Paul Khan

Personal information
- Born: 23 June 1951 (age 75) Brisbane, Queensland, Australia

Playing information
- Position: Prop
Club
| Years | Team | Pld | T | G | FG | P |
| 19??–?? | Easts (Brisbane) |  |  |  |  |  |
| 1974–75 | Norths (Brisbane) |  |  |  |  |  |
| 1976–77 | Castleford |  |  |  |  |  |
| 1975–81 | Cronulla-Sutherland | 120 | 14 | 0 | 0 | 42 |
| 1982–?? | Easts (Brisbane) |  |  |  |  |  |
|  | Total | 120 | 14 | 0 | 0 | 42 |
Representative
| Years | Team | Pld | T | G | FG | P |
| 1973 | Queensland | 1 | 0 | 0 | 0 | 0 |
| 1978 | New South Wales | 1 | 0 | 0 | 0 | 0 |
| 1981–82 | Queensland Maroons | 4 | 0 | 0 | 0 | 0 |
- Source: As of 15 November 2010

= Paul Khan =

Australian rugby league footballer

Paul Khan (born 23 June 1953) is an Australian former rugby league footballer who played in the 1970s and 1980s. He was a state representative for both New South Wales and Queensland with his first grade club career played with the Cronulla-Sutherland Sharks.

==Club and representative career==
While playing for Queensland Colts, in 1973 Khan was selected for Queensland in the interstate series against New South Wales. He was graded in 1974 with Brisbane Norths whose coach Tommy Bishop recommended him to the Cronulla-Sutherland Sharks in Sydney where he spent the 1975 season. He had a stint in England with Castleford in 1976-1977 and returned to Cronulla for the 1978 season and played in that year's Grand Final and the Grand Final Replay. He played further seasons with Cronulla up till the end of 1981 totalling 120 appearances for the club. Khan was a major player in the Sharks' 26-5 smashing of Combined Brisbane in the 1979 Amco Cup – Cronulla's only piece of silverware to this point.

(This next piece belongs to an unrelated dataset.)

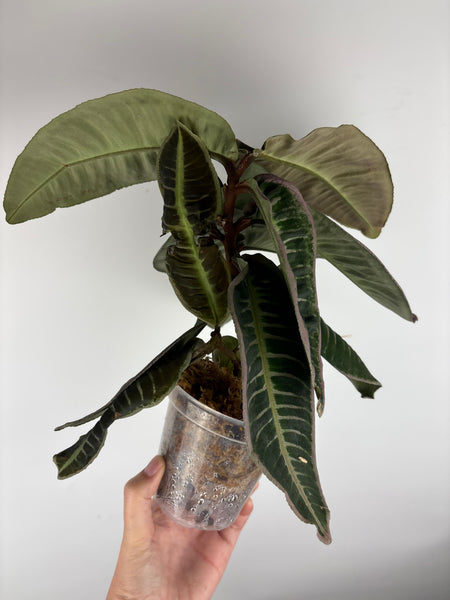 Emblemantha urnulata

The ball-playing Khan returned to Brisbane in 1982 for a season with Brisbane Easts where he was part of the club's 23-15 Winfield State League Final win over Redcliffe at Lang Park. He moved to the John Barber-coached Redcliffe Dolphins the following season where he ended up playing in a losing BRL Grand Final side (Easts beating Redcliffe 14–6).

He was first selected for NSW in 1978 under the residential criteria. In the single 1981 State of Origin match played under the new Origin selection criteria he was one of four New South Wales based players called on by Queensland. He played in all three games of the 1982 series.

He is one of the relatively rare number of players to have represented both Queensland and New South Wales.